How badly you want to believe in her! How badly you want her to mean what she is saying!
But then, just when you are pouring out the deepest thing in your heart, she will look at a passing store and cry out, Oh there's a sale!

Or she will suddenly declare how hungry she is!

Or else you will be speaking and sharing your heart, and when you are done she will say, hmmmm?
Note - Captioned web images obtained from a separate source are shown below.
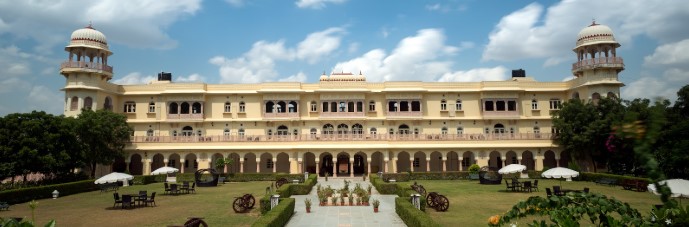 Elegant wedding resort setup for 500 guests in Chennai with traditional decorations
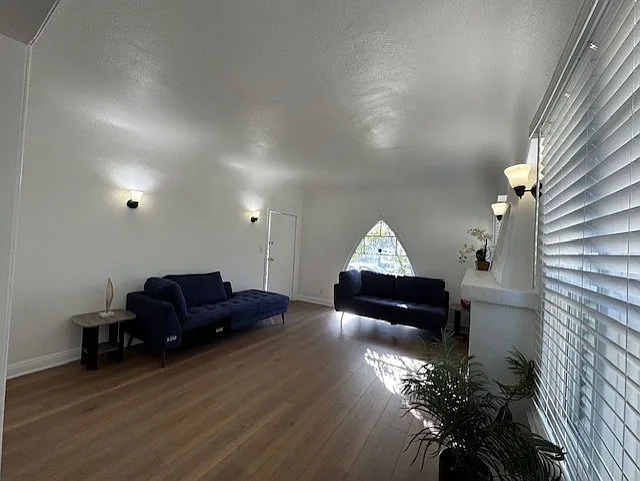 1249 W. 23rd St. - #2 — Photo 3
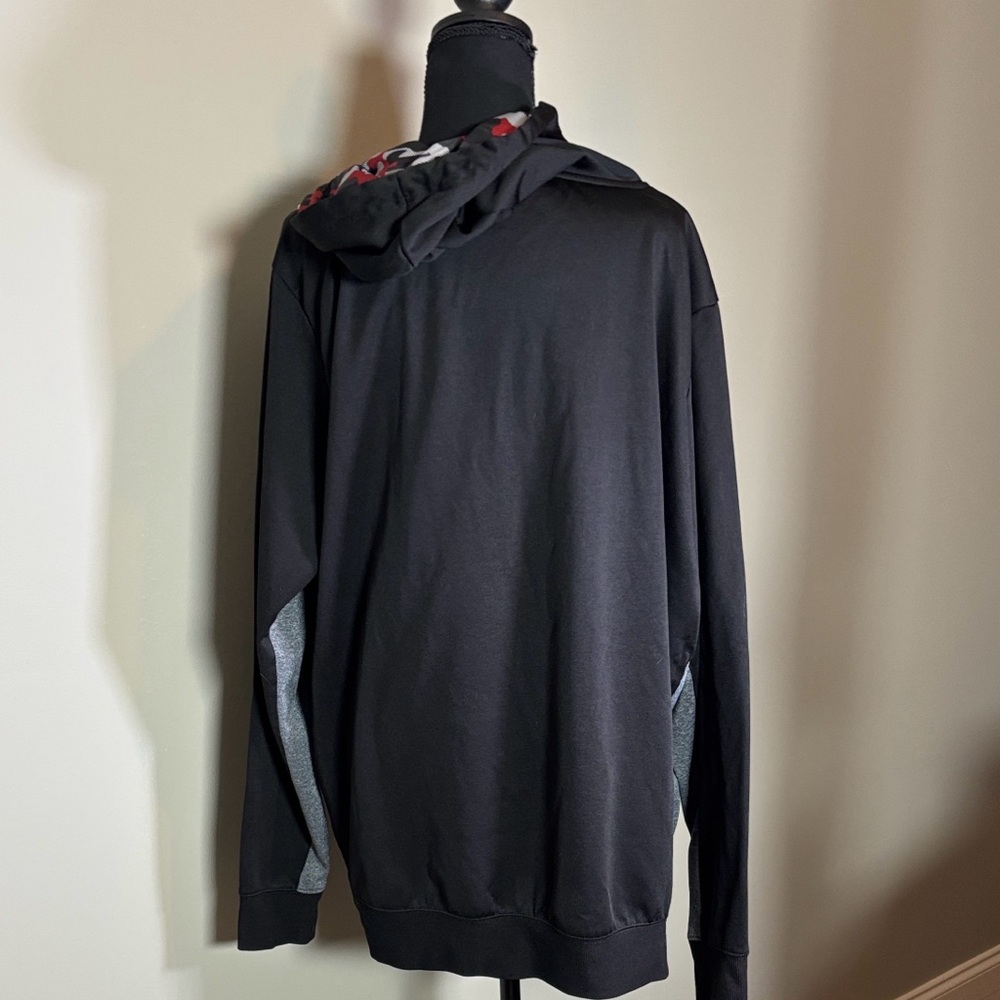 Marvel Black and Red Hoodie - Picture 7 of 8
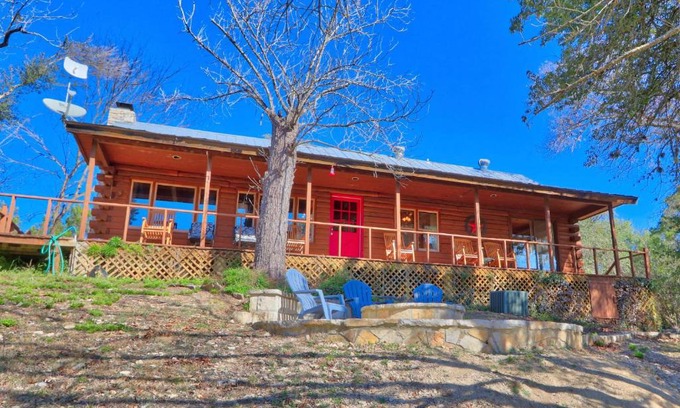 Wimberley Casa | Clearwater Log Home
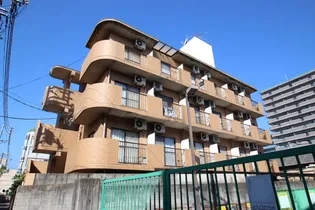 ダックビル【4階】の外観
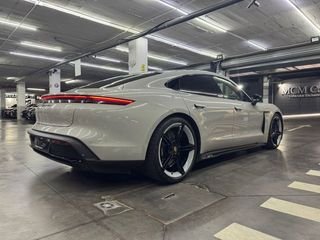 Porsche Taycan GTS 440 kW (598 CV)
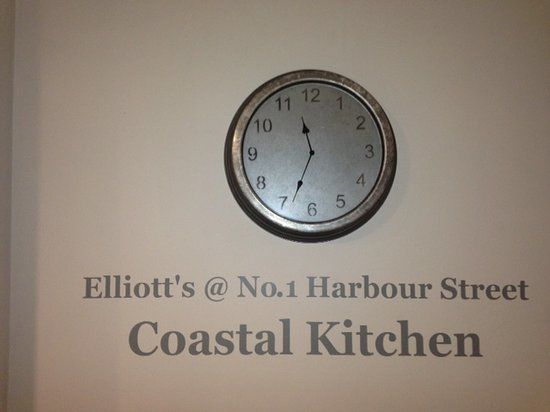 Elliott's at No 1 Harbour Street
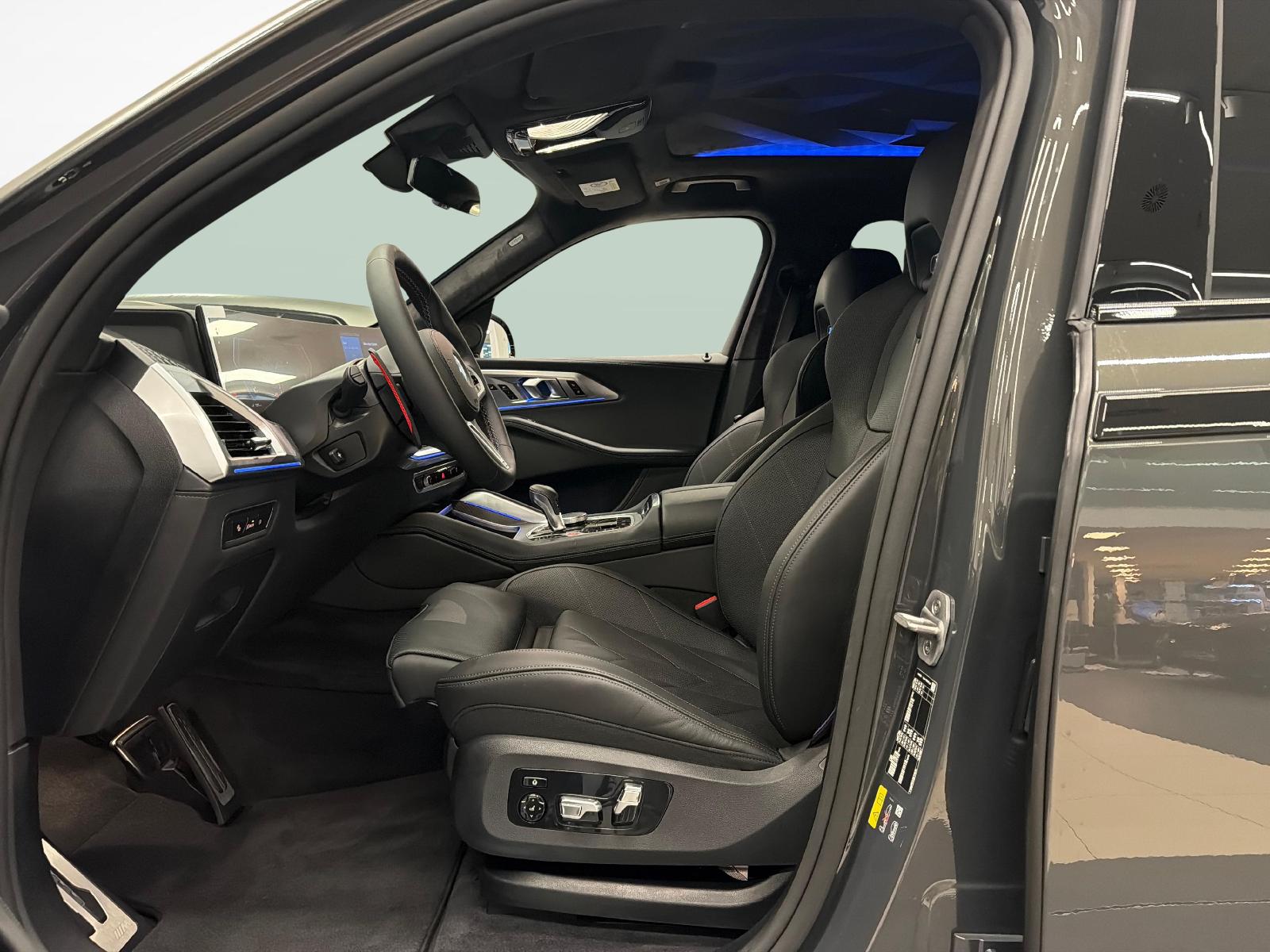 BMW XM 50e Plug-in Hybrid-image-9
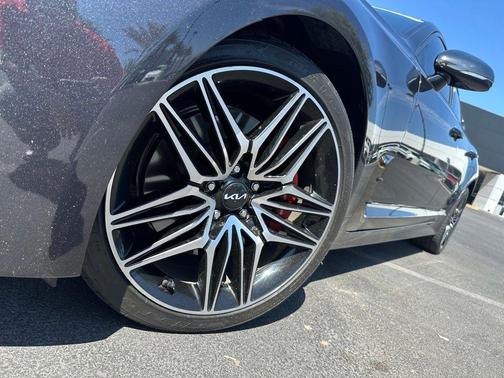 Metal 2022 Kia Stinger GT1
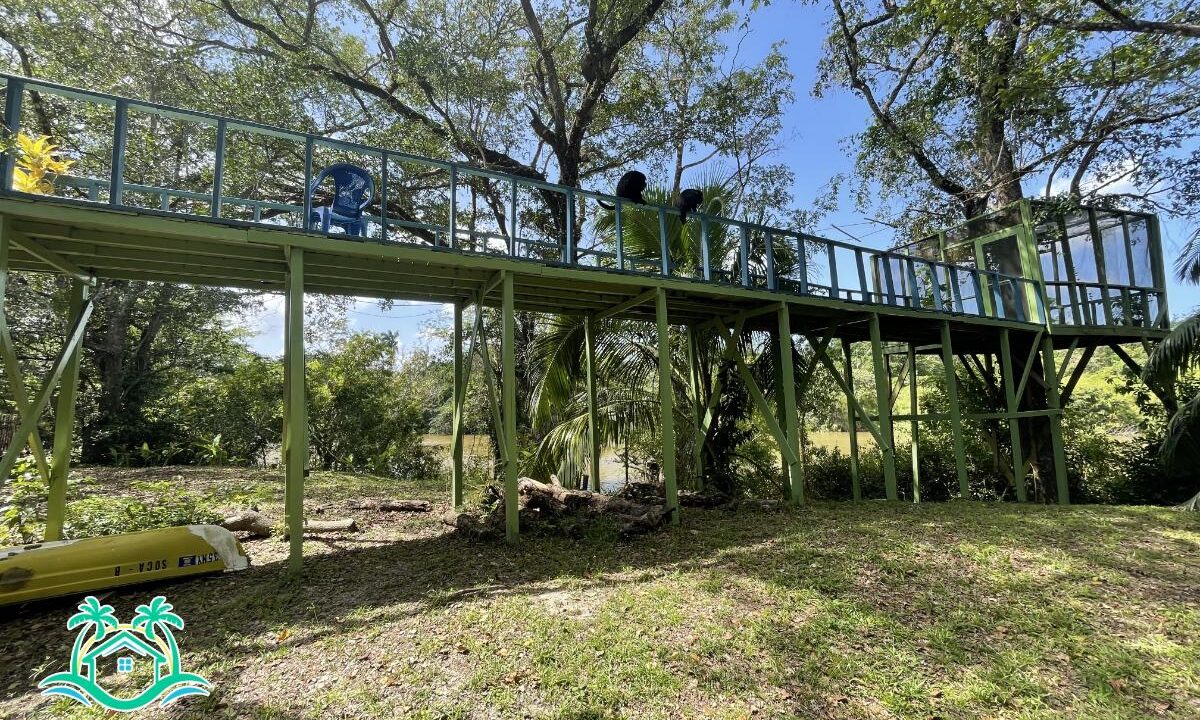 Beautiful Riverfront Home in Burrell Boom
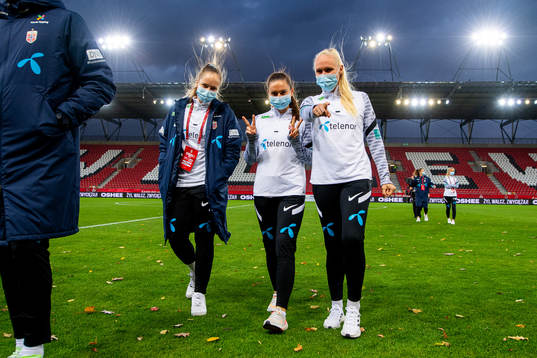Goalkeeper Aurora Mikalsen, Vilde Bøe Risa and Maria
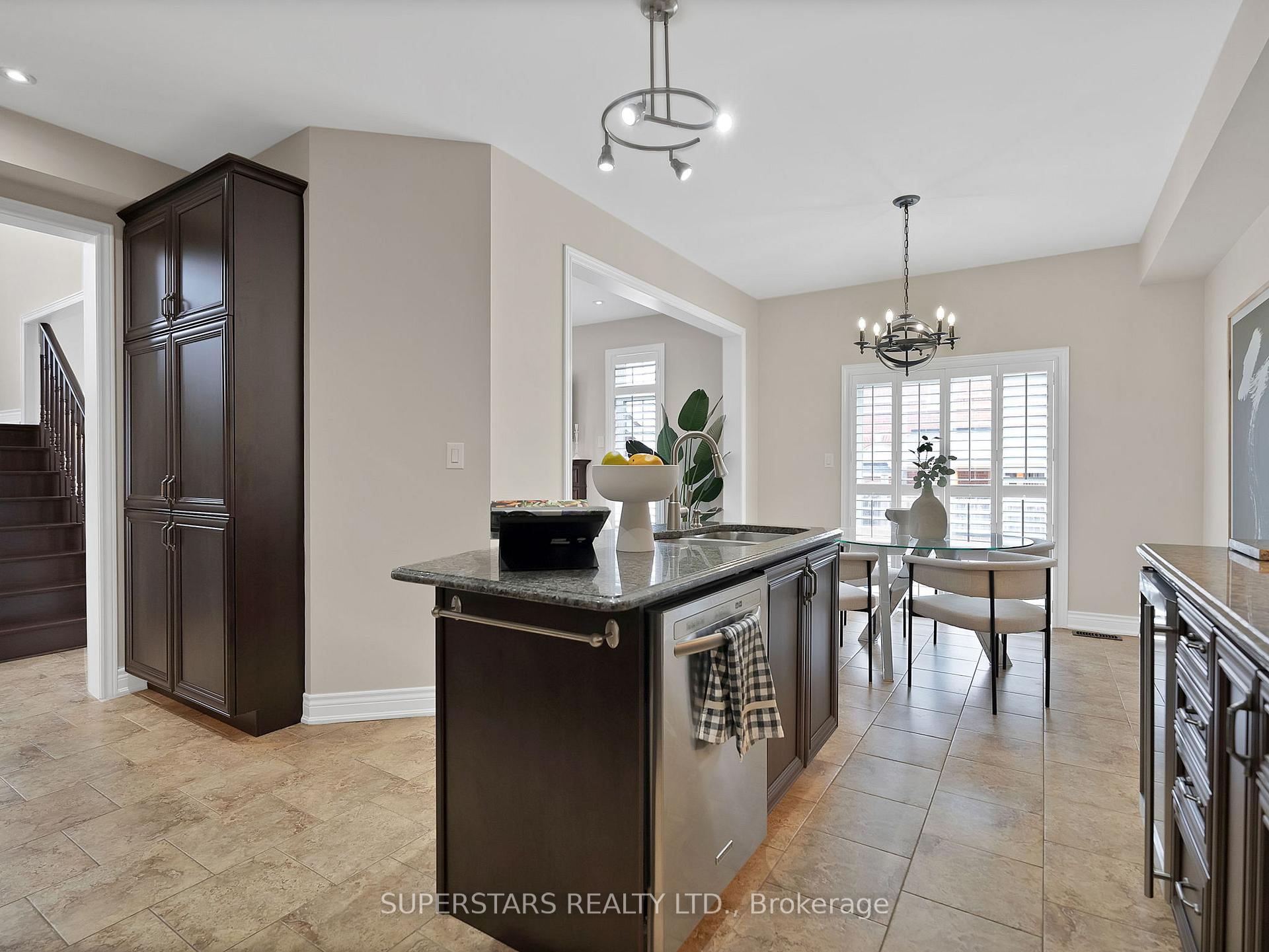 Photo 9 of 47 Silverado Hills Drive, Markham, Cathedraltown — HOMEH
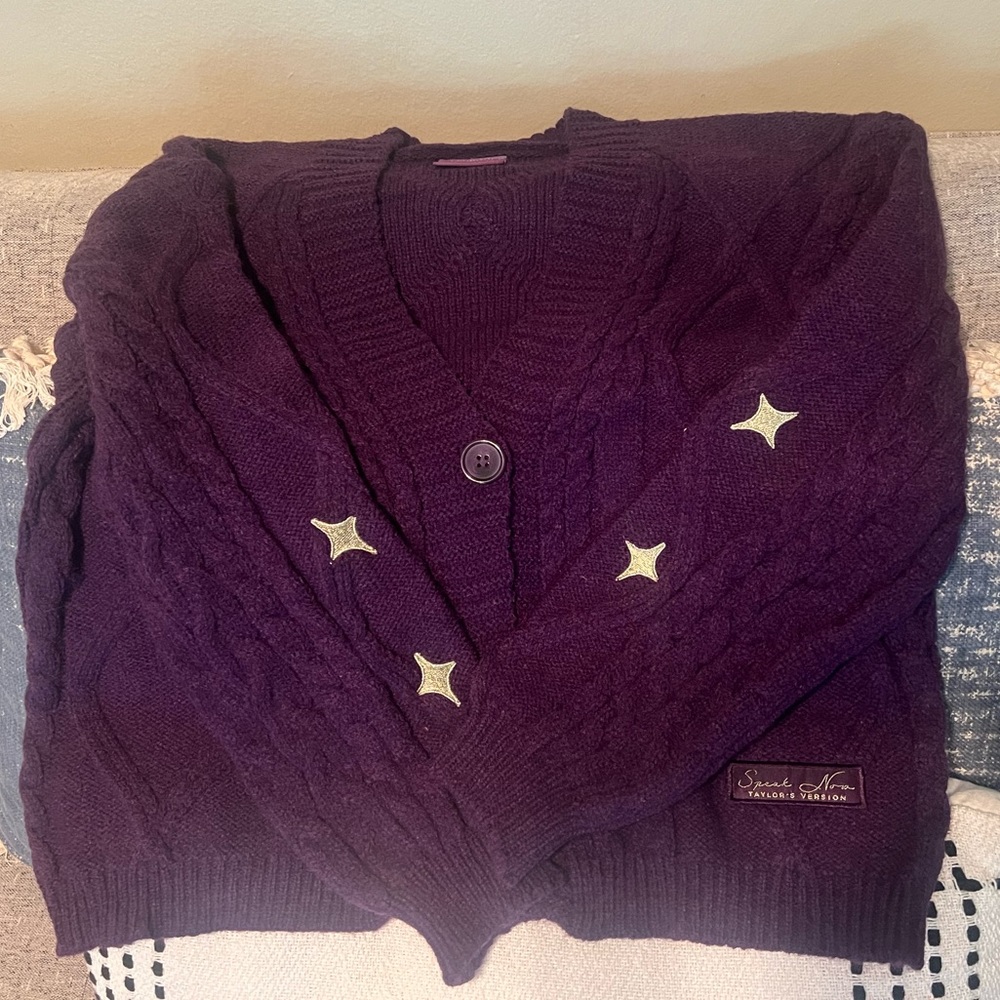 speak now taylors version cardigan w/ surprise friendship bracelet!
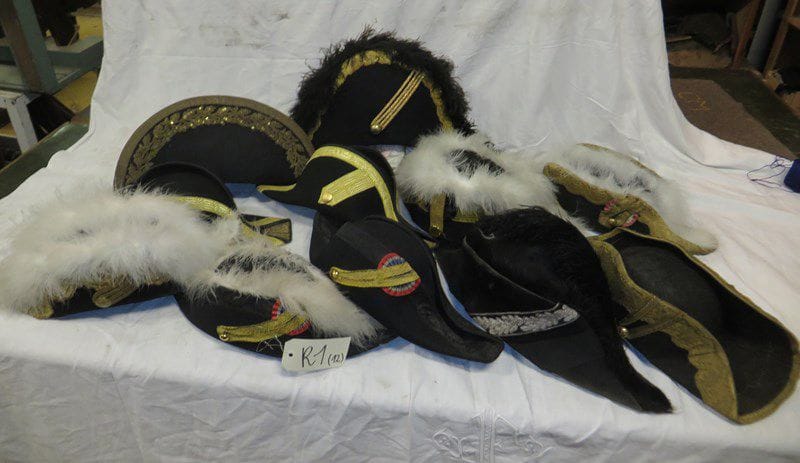 Lot de 11 bicornes de théâtre et de fantaisie, certains brodés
And you know she was not even listening!

It feels very foolish. You can just see yourself, and how ridiculous you look, sitting there with your heart spread out at her feet and her gazing at the neon lights!
So you pull away from her; and while you are bending, to pick up the broken pieces of your emotions, she will be entering some store to pick up a hair clip. So you dutifully follow and show interest in what she is doing, smiling wanly and nodding, because you know your feelings have no place here. This is HER world, her kingdom; you are merely a wandering vagabond who has happened to cross her path.
And then as you walk with her, with the emptiness filling your heart, she will turn and ask, "What's wrong?"
Nothing, you say.
No, I know something is wrong, she replies, holding your arm and tugging at you.
You wonder if she's for real. Does she perhaps mean it, this time? Perhaps she really wants to know! Perhaps she really cares.
And you turn around, look at her and begin to speak. Again, the fool. And suddenly she is off to another store, for she has spotted some lovely bags.
And so you follow her very slowly. She enters, picks up a bag and looks around for you, She sees you still outside and she impatiently beckons you to come and when you do, she shoots, "What's the matter! Can't you keep up with me, fatass?"
And inside you, you whisper sarcastically, "I guess its my old age."
"Oh! You're not helping me at all!" she complains, "Can't you help me decide what to buy?"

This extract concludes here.